- Dollar General is building two new distribution centers (DC) to help offset the effects of high fuel costs and freight rates, CEO Todd Vasos told investors in a recent earnings call. Both centers are expected to open in 2019.
- The company is also expanding its private fleet and "growing and diversifying our carrier base," Vasos said. Dollar General is on track to expand its fleet to 200 this year, up from 80 at the end of fiscal 2017.
- The retailer spent $39 million on "distribution and transportation related projects" in the first quarter of 2018, according to a company news release.
The freight and fuel headwinds blowing in the face of Dollar General are the same ones facing many retailers and brands.
While some retailers can raise the price of their products to offset freight costs, passing costs onto the consumer isn't an option for Dollar General (unless it's willing to rebrand its stores as Two-Dollar General).

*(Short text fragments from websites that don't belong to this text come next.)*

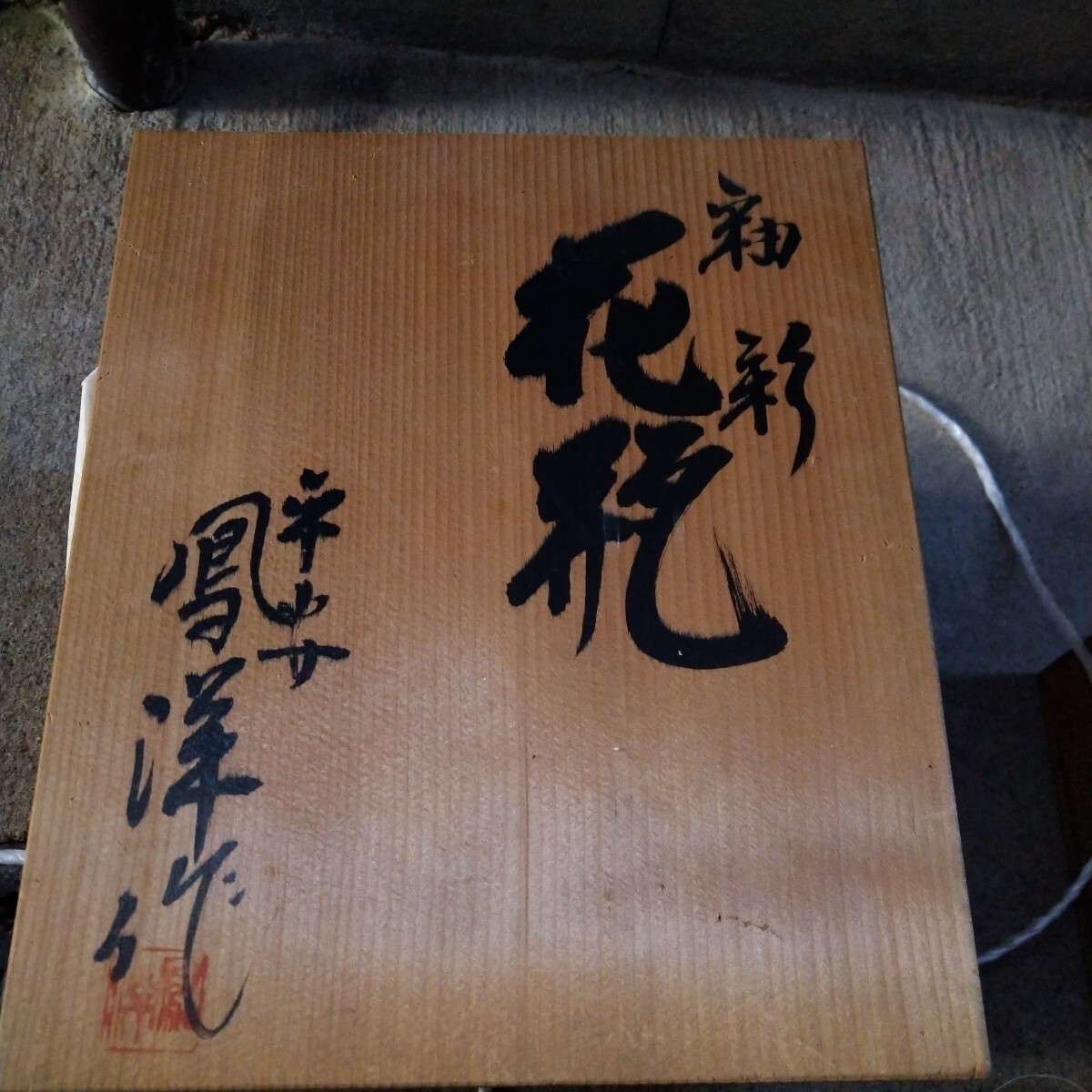 清水焼  花瓶 陶器 水色 倉庫整理品 木箱付拍卖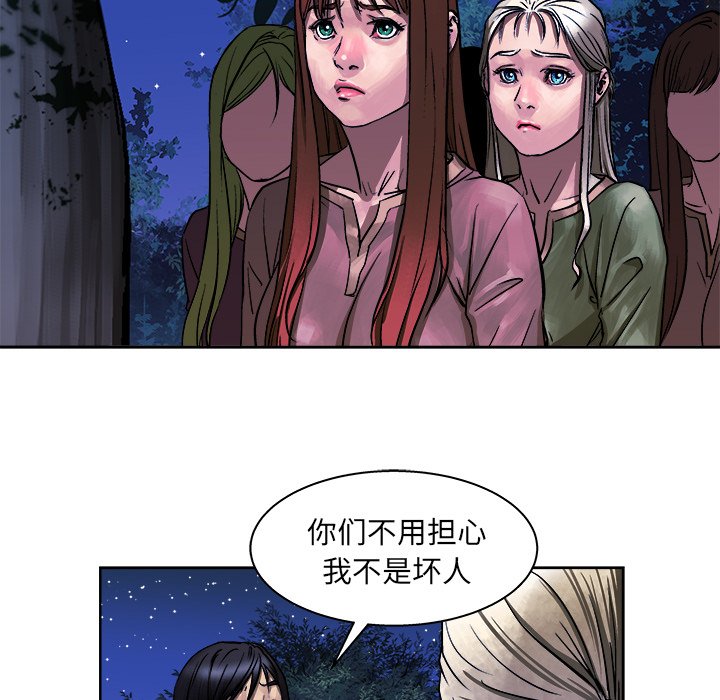 第7話 - 第83张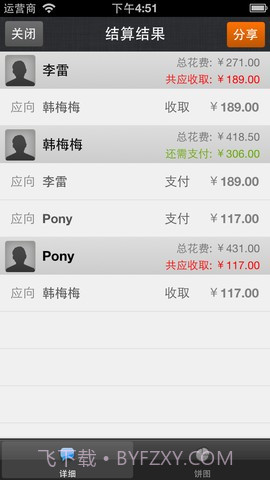 AA账本截图5 AA账本截图5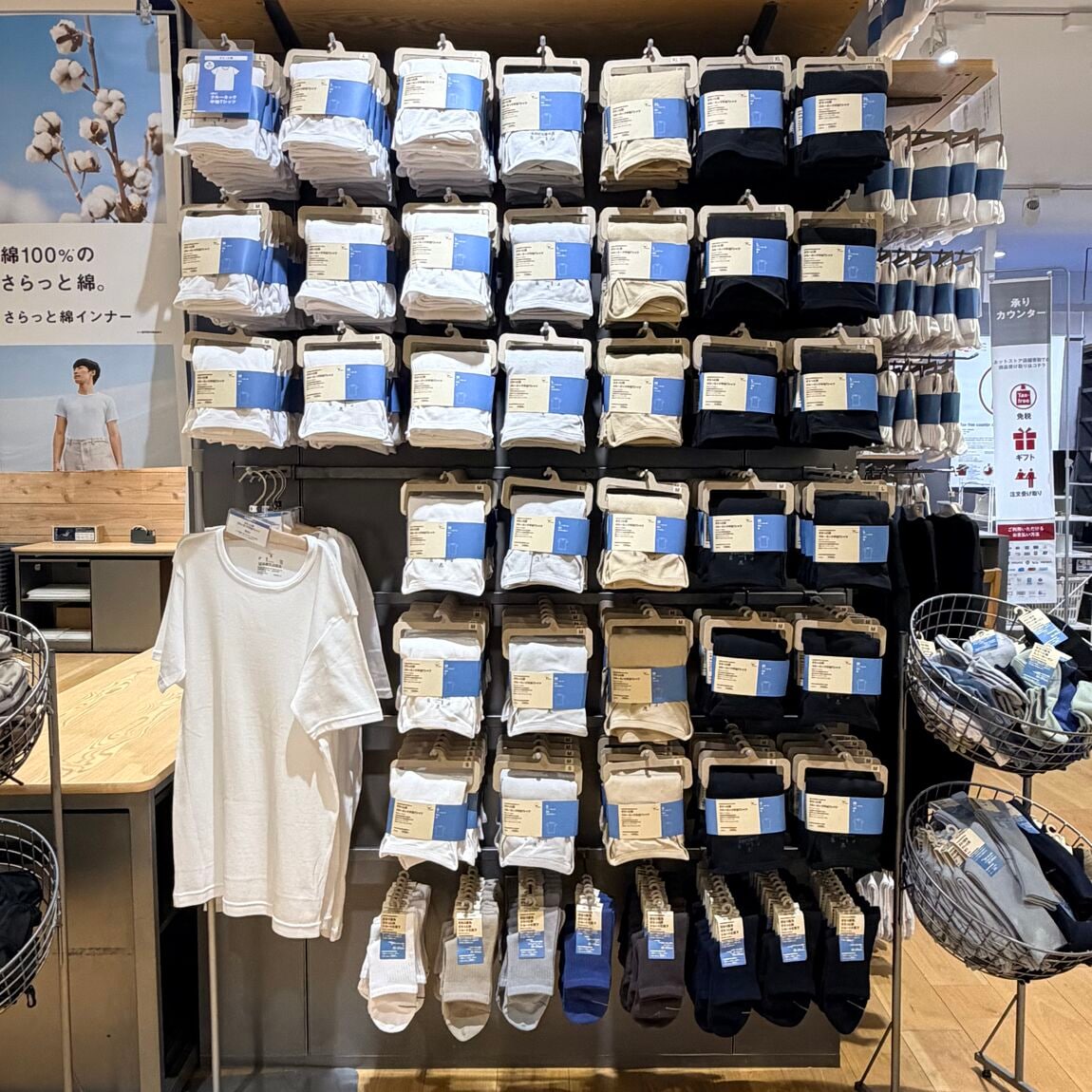 おたより⑦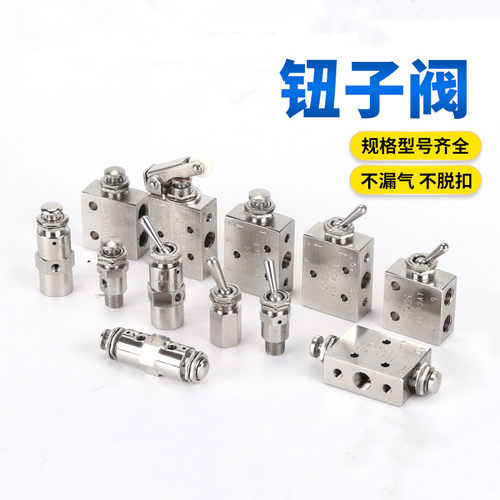 MSHRP3 MSHBP4 MSHRT3 MSHBT3 MSHBT4小型换向阀按钮型  替代钮型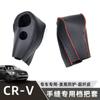 Adequado para conjunto de engrenagens Honda CR-V antigo 07-10 conjunto de engrenagens CRV suprimentos de modificação de interior de carro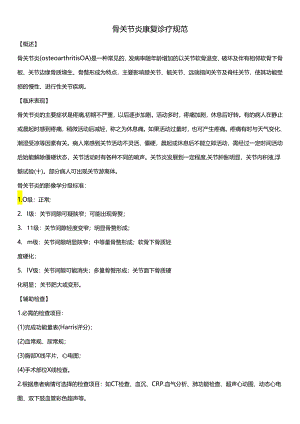 骨关节炎康复诊疗规范.docx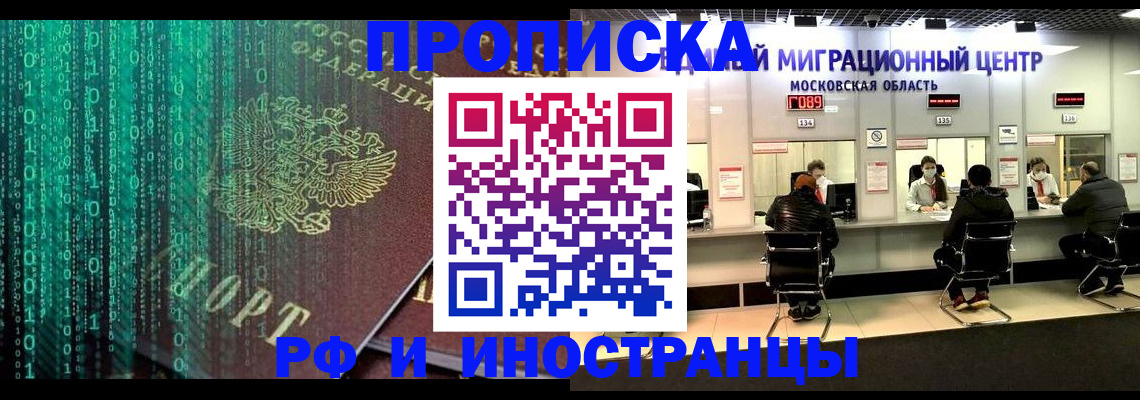 регистрация для дет. сада в Красноуральске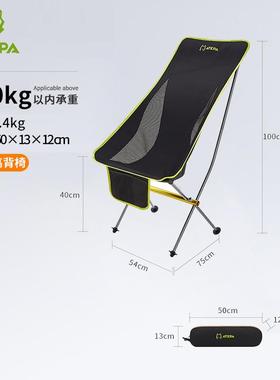 ATEPA露营椅便捷铝合金支架高背椅户外露营野餐可折高背靠椅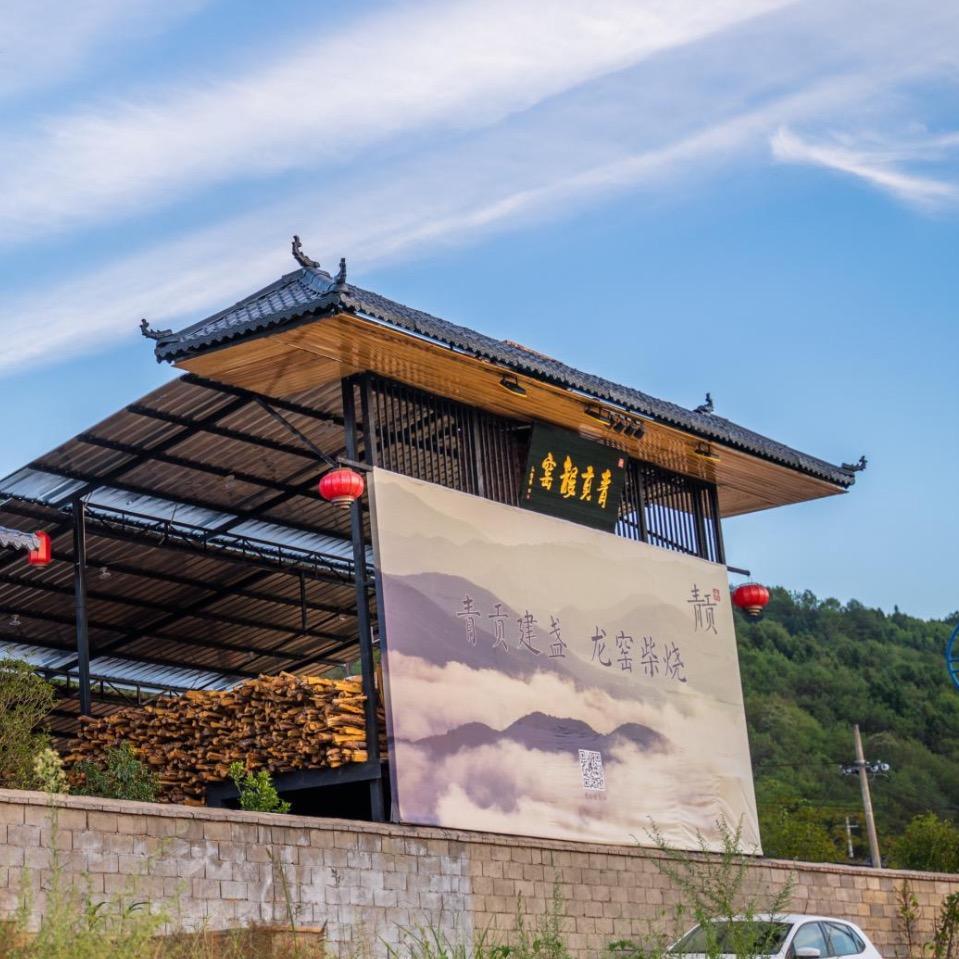 青供陶艺·闽南店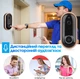 Дверний розумний відеодзвінок Wi-Fi Action M6 - зображення 7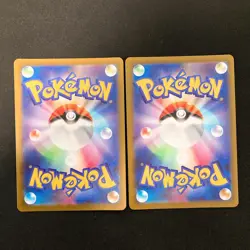 Psyduck Love Ball Foil 032/193 M2a MEGA Dream ex Pokemon Card Japan 2Set #13021 - Image 2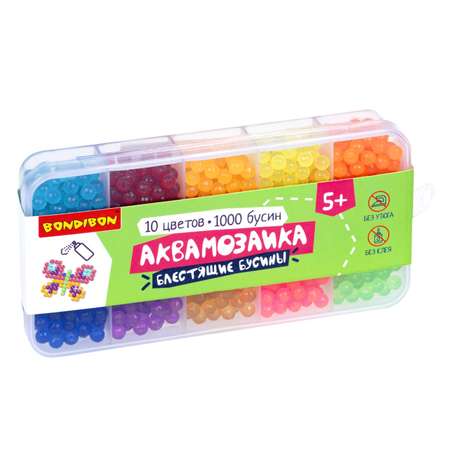 Аквамозаика Bondibon 1000 бусин 10 цветов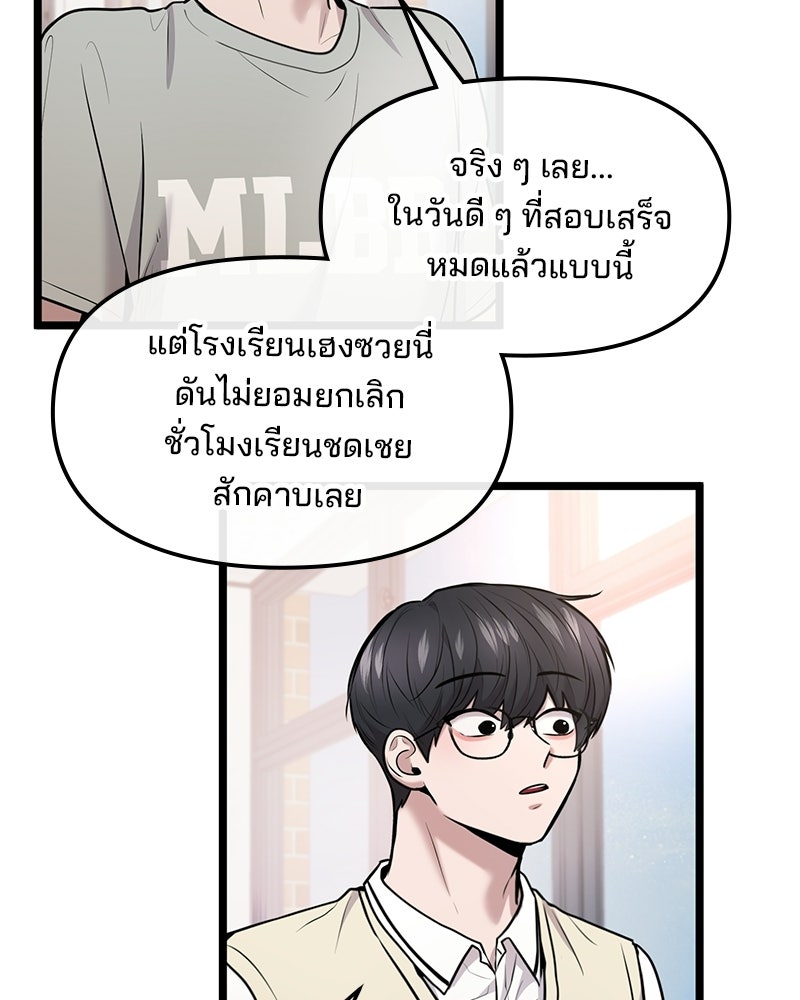 ทวงคืนชานบี - หน้า 10
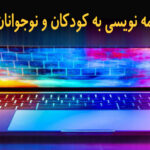 آموزش برنامه نویسی به کودکان و نوجوانان در یزد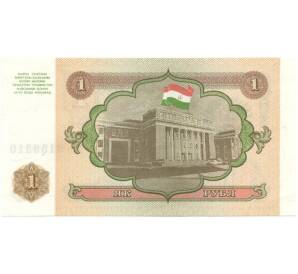 1 рубль 1994 года Таджикистан — Фото №2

Instead, the discount retailer is looking at its supply chain to get closer to stores and consumers, reducing transport distances, trucking and fuel costs as a result.
"Our 16th and 17th distribution centers are currently under construction in Longview, Texas and Amsterdam, New York," Vasos said. "We anticipate that both of these DCs will open in the 2019 calendar year and then we will see relatively quick and positive impact on stem miles."
In addition, the retailer is making moves to rely less on third party carriers and more on its own private fleet, Vasos said. "Over time, we believe this will give us added flexibility and help insulate us from future carrier rate fluctuations."
The retailer is actively recruiting drivers, enticing them with a promise of an annual salary up to $90,000. While several carriers are offering incentives to recruit drivers, Drew McElroy, CEO of Transfix, told Supply Chain Dive the move won't actually solve the trucking capacity crisis.
"It's a smart move for the individual carrier, but that's going to help them recruit drivers from other people," he said. "It's not going to bring new drivers into the industry."